Tes besoins ne sont pas rencontrés. Pas remplis. Même pas vus. Ou bien on feint de ne pas les voir. Le résultat est le même. Avec un sol aussi boueux, chaque pas, chaque tentative devient plus glissante. Les pentes deviennent plus ardues. Les pavés sont infranchissables. Tu ne peux même pas les arracher au ciment pour les envoyer là où ils mériteraient d’atterrir.
Tu rencontres des fausses promesses. Des sourires lisses pas assez remplis pour atteindre les yeux. De l’hypocrisie qui ne paiera pas le loyer. Des feintes dont tu ne peux te dépêtrer dans l’enfer administratif. Des agent.e.s du système qui en déplore l’arbitraire et l’injustice comme une excuse de façade tout en exécutant le clic qui envoie ton dossier dans leurs archives, des gens qui sont le système.
Remarques méprisantes.
Te balancer la porte à la gueule.
Contrôler ton sac, appeler la sécurité. Sans raison. Les exécutant.e.s peuvent s’en passer.
Croche-pieds discriminants et structures excluantes.
Décréter que tu n’as pas démontrer les aptitudes. T’as pas justifié ta hargne d’intégration. T’as pas baissé les yeux devant l’autorité. T’as pas la tête de quelqu’un.e qui va se faire une place sagement. T’as pas démontré tes capacités de résilience.
Toutes les secondes. Des murs. Des impasses. Des pièges. Des bugs. Des erreurs. Enfin, c’est ce qu’on te dit. En réalité, c’est le fonctionnement même du système. Des sourires condescendants qui restent figés aux dents blanchies: quand on veut on peut.
Tu répliques. Tu te bats. Tu baisses pas les bras. Tu y laisses tes ressources indispensables. Mais rien ne change. Les sourires se décrispent quand on remarque que tu t’affaiblis.
Chaque mois devient plus difficile. Aucun ne se boucle. Sous les pavés, tes dettes, ornières qui guettent et provoquent ta chute.
Tes besoins sont évacués. Tes besoins sont négligeables. Tes besoins font de toi une tare. L’écran affiche que c’est de ta faute. Quand on veut on peut. Quand on se prive on y arrive. Quand on se plie on s’intègre. L’écran clignote. C’est pas un bug. La méritocratie efface les différences qu’elle fabrique. Quand on veut on peut.
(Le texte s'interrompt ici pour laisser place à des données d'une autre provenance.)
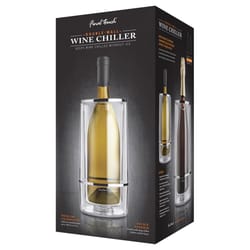 Final Touch 51 oz Clear Acrylic Double-Wall Wine Chiller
C’est de ta faute.
Tu continues. Faut bien. Il pleut, faut bien trouver un abri, au moins pour ceulles qui ont besoin de toi. En vrai, t’as plus la moindre idée de ce qu’est un chez-soi. En vrai, t’en sais rien toi pourquoi tu continues. En vrai, si tu te gamelles, c’est pas gagné que tu te relèveras pour essayer encore.